Chukwumerije, an avowed champion of the Igbo cause, told journalists in Umuahia that he did not attend the IPF meeting where such criticism of the COAS’ appointment was made.

He was reacting to the one-page advertorial in a national daily on Thursday sponsored by the League of Isuikwuato Patriots (LIP), expressing disappointment that he joined in the IPF criticism.

However, Chukwumerije described the allegation by the LIP against him, as published in its advertorial, as “two lies.”

He said: “I was not part of the meeting of the IPF which criticised the appointment of Lt. General Onyeabo Ihejirika as the COAS. I have not attended the IPF meeting since mid August. I read the offensive release like any other member of the public.

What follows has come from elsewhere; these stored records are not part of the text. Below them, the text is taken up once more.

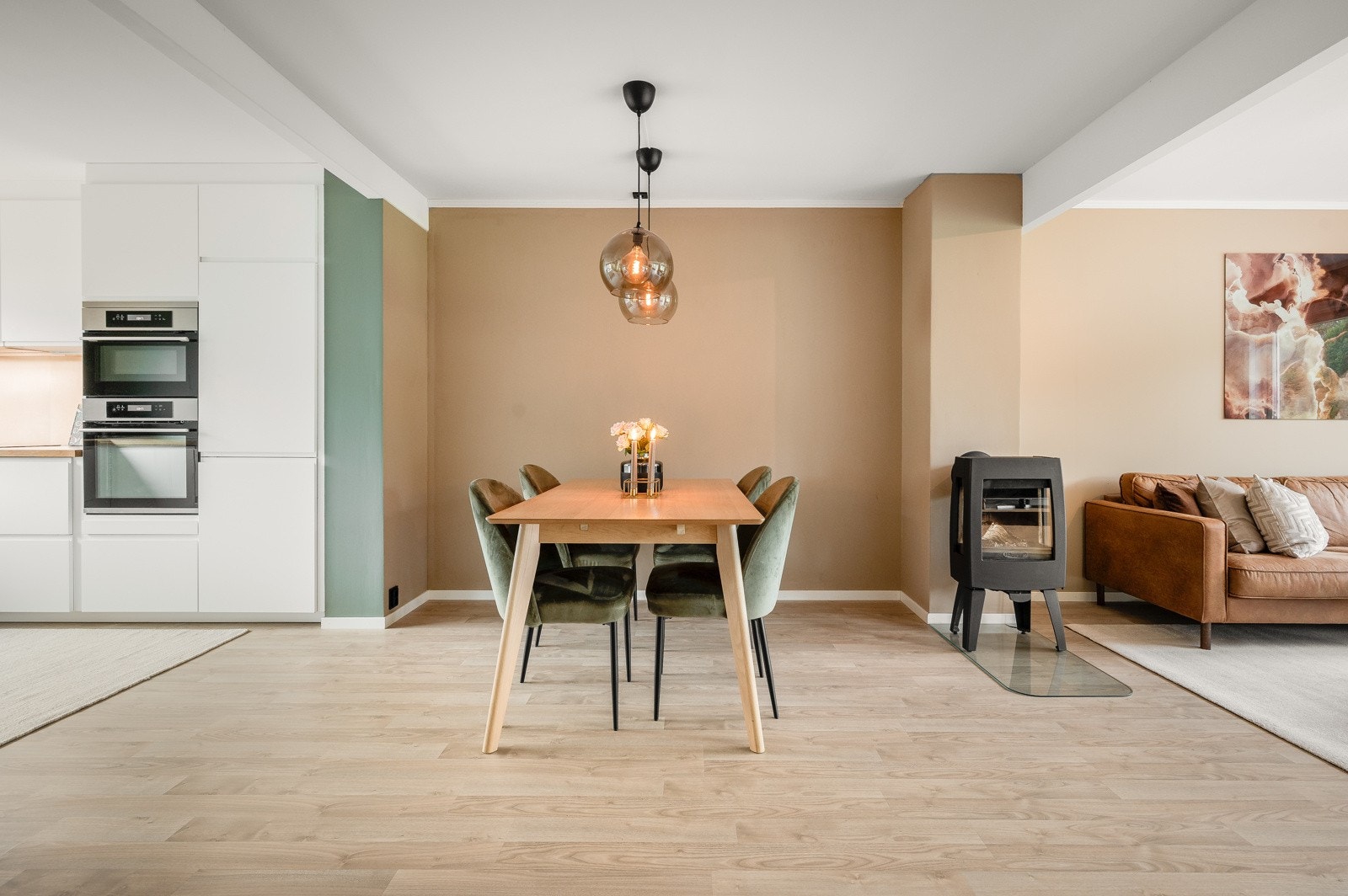 God plass for etablering av spisegruppe med behagelig belysning. Galleribilde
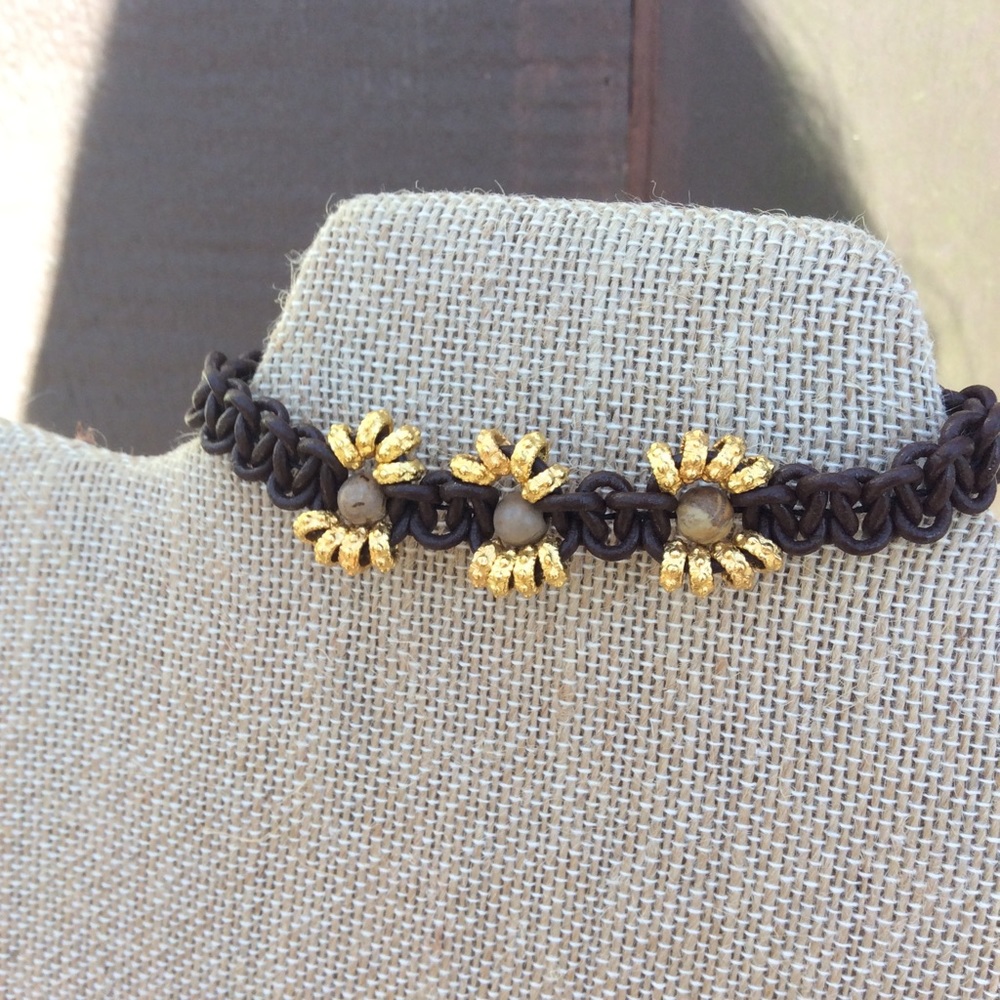 Brown leather macrame bracelet with landstone bead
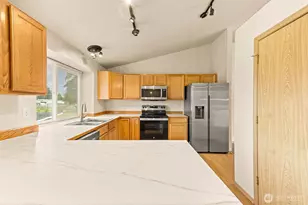 3815 230th St E, Spanaway, WA 98387 - Photo 11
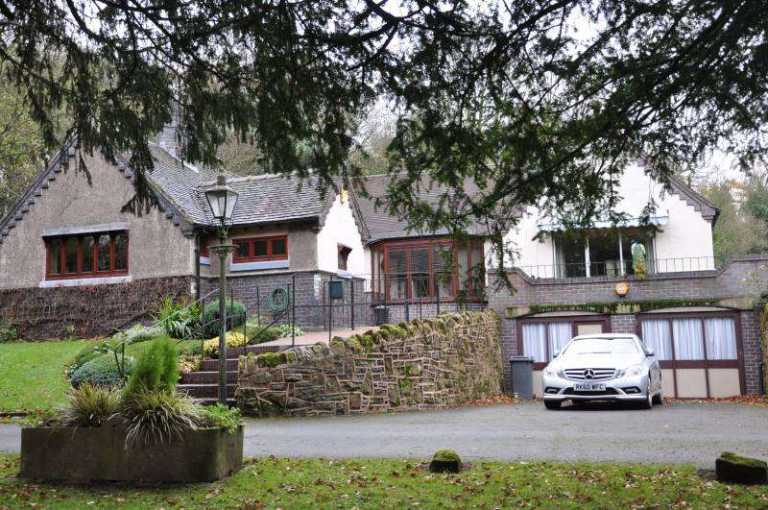 SMALL DOUBLE ROOM BILLS INC M1 J28 - NG16 / DE55 NEAR ALFRETON / DESIGNER OUTLET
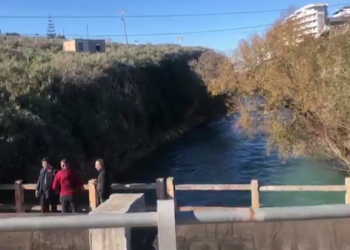 Sarandë, 55-vjeçari hidhet në ujërat e Bistricës, mister shkaqet që e shtynë drejt vetëflijimit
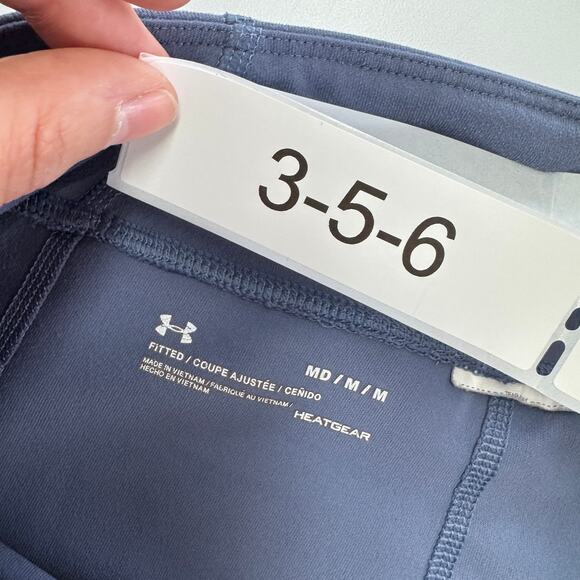 Under Armour Leggings Womens Medium Blue Purple Printed Heatgear Fitted Crop - Picture 3 of 7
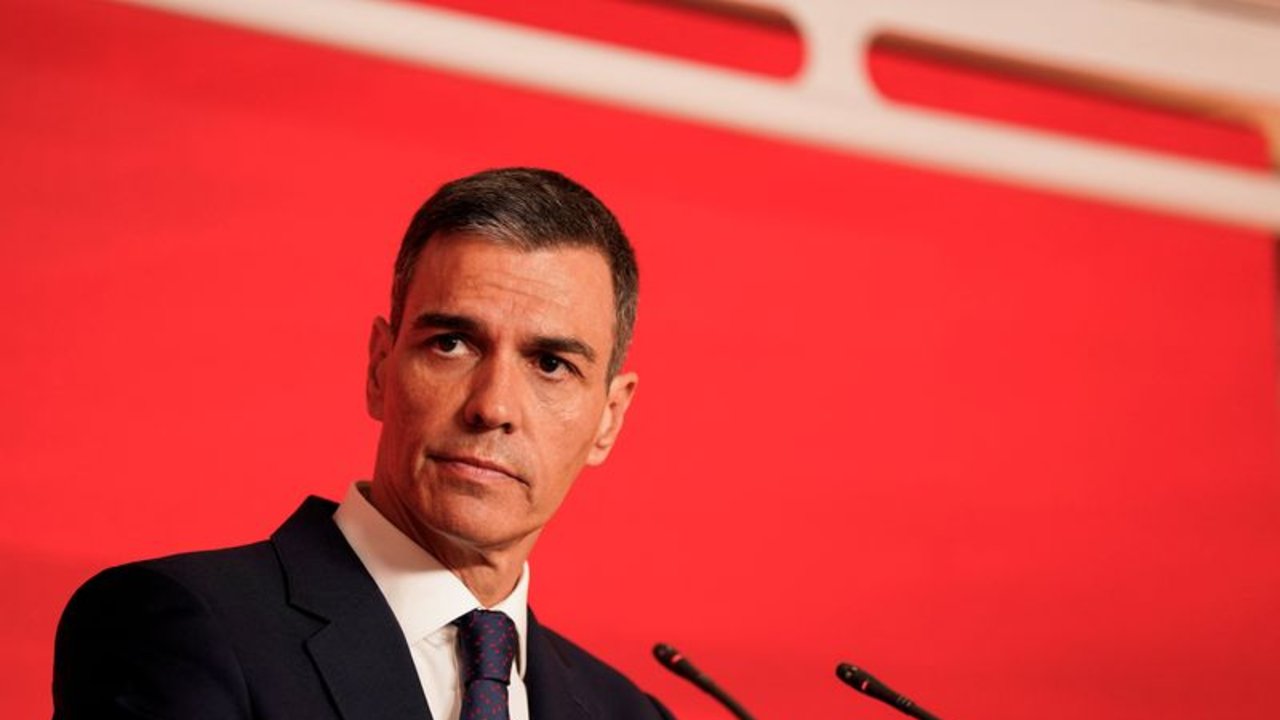 El presidente español esquiva las preguntas de un aliado en el Congreso por el caso de corrupción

“This lie betrays a pathetic ignorance of my consistent verifiable stand against suppression and marginalisation of Ndigbo in Nigeria since the end of the Civil War.”

Besides, he distributed two copies of the release and his letter dated September 16, 2010 to the new COAS (Ihejirika), congratulating him on his well-deserved appointment, praying God to grant him the strength, courage and wisdom to faithfully undertake the enormous responsibilities ahead of him.

In his release dated September 17, 2010, Chukwumerije said: “The appointment of Lt.-Gen. Ihejirika as COAS has broken a jinx of forty years. I felt for the first time since the end of the Civil War that Nigeria’s profession of brotherhood and sisterhood could be real and sincere.

“In the context of the nuances of Nigeria’s politics and the long shadows of the Civil War, the decision was commendable and courageous; it was a major concrete step toward returning Ndi
Igbo to the institutional centre of Nigeria.

He continued: “ This singular action of has confirmed the place of President Jonathan in history as a great unifier in our plural society. And I am much more elated because the appointment, which is drawn from my constituency, has brought light to a rather obscure part of the nation. I am highly honoured.

“It is the expectation of Igbo that this wave of olive branch will be followed in 2015 with the accession of an Igbo to the office of president of Nigeria.”